---- Data to examine

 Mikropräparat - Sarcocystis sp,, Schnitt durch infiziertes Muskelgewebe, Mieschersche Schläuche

--------
---- Data to examine

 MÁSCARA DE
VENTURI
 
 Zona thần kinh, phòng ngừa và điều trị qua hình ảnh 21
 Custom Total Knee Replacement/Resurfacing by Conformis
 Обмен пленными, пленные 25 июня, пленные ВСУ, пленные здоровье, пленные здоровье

--------
---- Data to examine

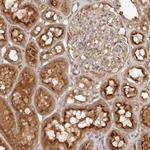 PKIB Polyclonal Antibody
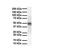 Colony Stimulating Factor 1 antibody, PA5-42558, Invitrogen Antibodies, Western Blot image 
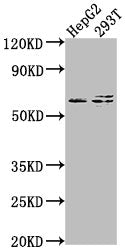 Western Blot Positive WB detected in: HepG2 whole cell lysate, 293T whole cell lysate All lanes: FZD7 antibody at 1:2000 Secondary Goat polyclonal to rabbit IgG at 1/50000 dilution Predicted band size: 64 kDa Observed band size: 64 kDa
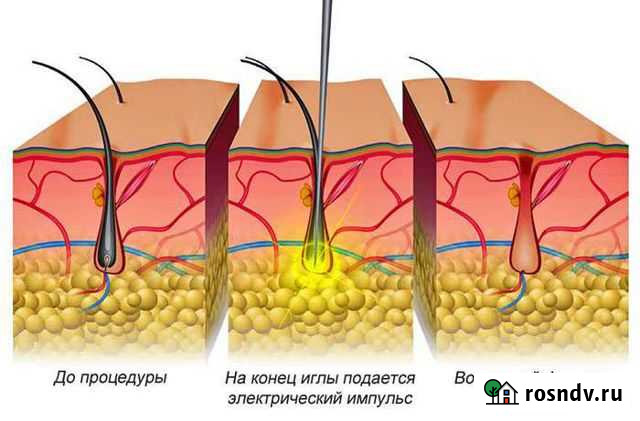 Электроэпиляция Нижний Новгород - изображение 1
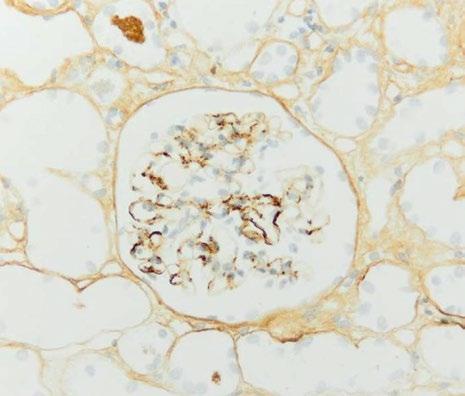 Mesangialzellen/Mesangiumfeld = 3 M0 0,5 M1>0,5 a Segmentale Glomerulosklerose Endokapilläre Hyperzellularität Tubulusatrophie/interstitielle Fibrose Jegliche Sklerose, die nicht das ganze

--------

### Task prompt
Reproduce the data above exactly, but only from the line containing "PKIB Polyclonal Antibody" through the line containing "Mesangialzellen/Mesangiumfeld = 3". Omit all pictures.

### Result for this exercise
 PKIB Polyclonal Antibody
 Colony Stimulating Factor 1 antibody, PA5-42558, Invitrogen Antibodies, Western Blot image 
 Western Blot Positive WB detected in: HepG2 whole cell lysate, 293T whole cell lysate All lanes: FZD7 antibody at 1:2000 Secondary Goat polyclonal to rabbit IgG at 1/50000 dilution Predicted band size: 64 kDa Observed band size: 64 kDa
 Электроэпиляция Нижний Новгород - изображение 1
 Mesangialzellen/Mesangiumfeld = 3 M0 0,5 M1>0,5 a Segmentale Glomerulosklerose Endokapilläre Hyperzellularität Tubulusatrophie/interstitielle Fibrose Jegliche Sklerose, die nicht das ganze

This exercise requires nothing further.